Pre-History and Early Occupation

The occupation of Puerto Rico dates to sometime between the 7th and 5th millennia BCE. When the first Spanish explorers landed on the island in 1493, during Christopher Columbus's second voyage, the archipelago had already been inhabited for several millennia.

During the years that followed Columbus' first voyage, European parties visited the island regularly, some searching for gold, and some trying to introduce livestock and hoping that it thrived in order to be used in future expeditions.
The Spanish colonization of Puerto Rico officially began in 1509, under the stewardship of Juan Ponce de Léon (1474-1521). In that year de Ponce de Léon constructed a small settlement named Villa Caparra, located not far away from today's San Juan Bay.

Although submerged pre-historic sites are known on the archipelago and some have been archaeologically excavated, so far no native watercraft has been found.
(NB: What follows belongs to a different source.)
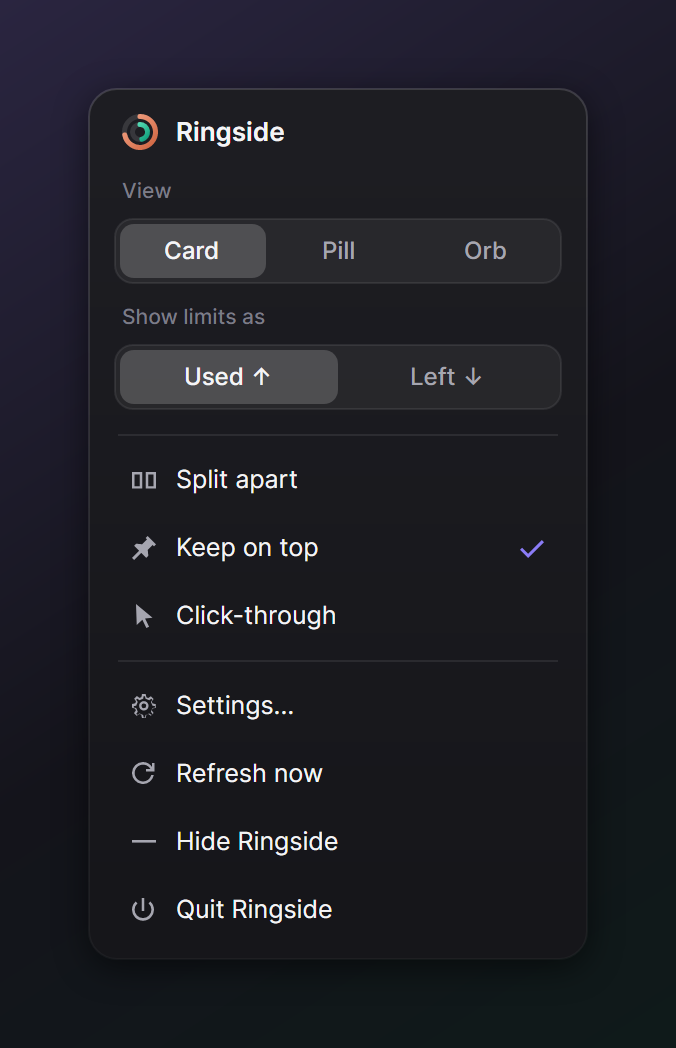 The quick panel with view and used or left choices, split apart, keep on top, click-through, settings, refresh, hide and quit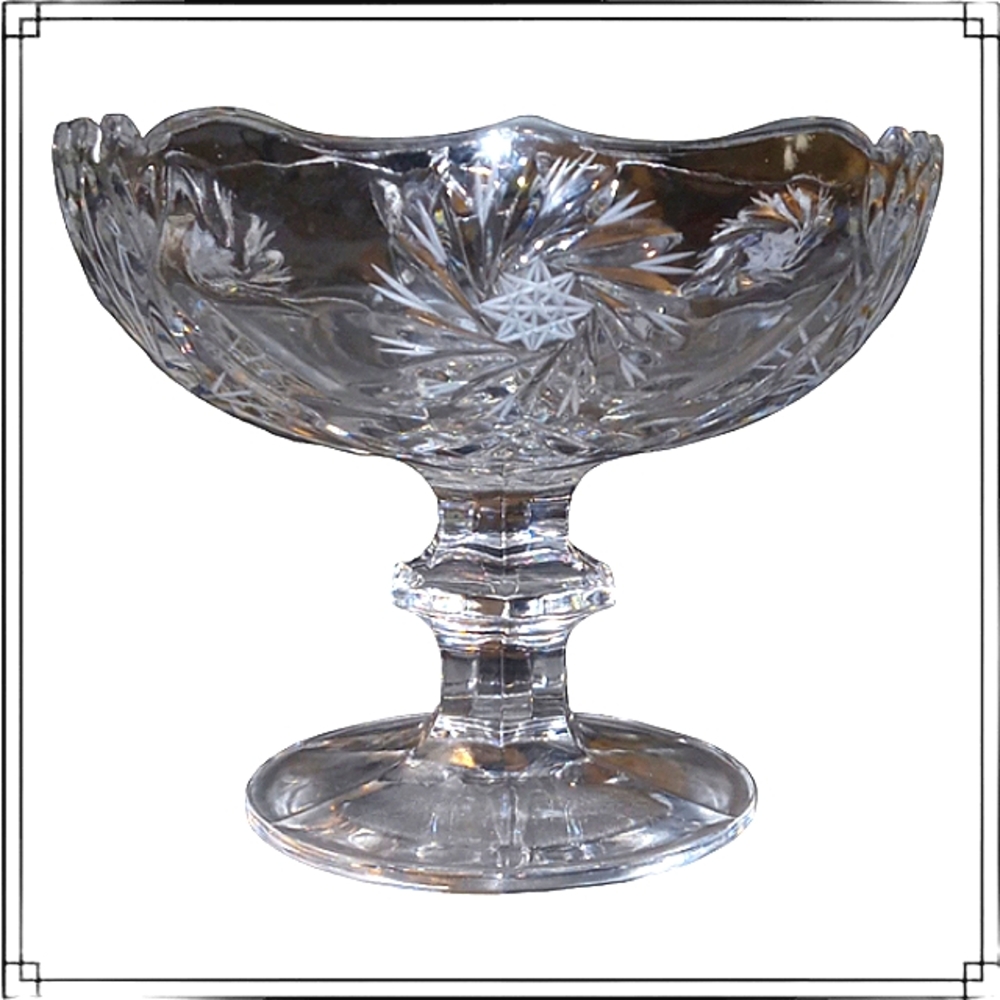 Vintage Indiana Glass Crystal Pedestal Bowl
Small craft from the early occupation period should exist, perhaps buried in the old river banks of the west coast and around San Juan.

Early 16th Century

The first years of colonization brought a significant quantity of Puerto Rican gold to the Spanish crown, and may have generated some ship traffic. In 1521 La Caparra was abandoned and its inhabitants resettled on the small island of San Juan Bautista, on the north margin of the bay. This new village of San Juan was said to have fewer mosquitoes, better access, and offered superior protection from piratical attacks. Traffic generated by gold mining and exploitation of the island may have attracted some unwanted attention from other European nations.

Although, to our knowledge, no shipwrecks dated to this period have yet been found, it is likely that ship derelicts and abandoned small watercraft may be preserved in the silt of the island's river-mouths.

Unfortunately for nautical archaeologists, both existing maps and coastal geology demonstrate that the coast has advanced considerably in the last 400 years, and these important ship-remains may be buried under roads, buildings, harbour structures and industrial facilities. A word of caution should be written on behalf of these important archaeological remains. All construction works along the former coastal areas should be accompanied by archaeologists.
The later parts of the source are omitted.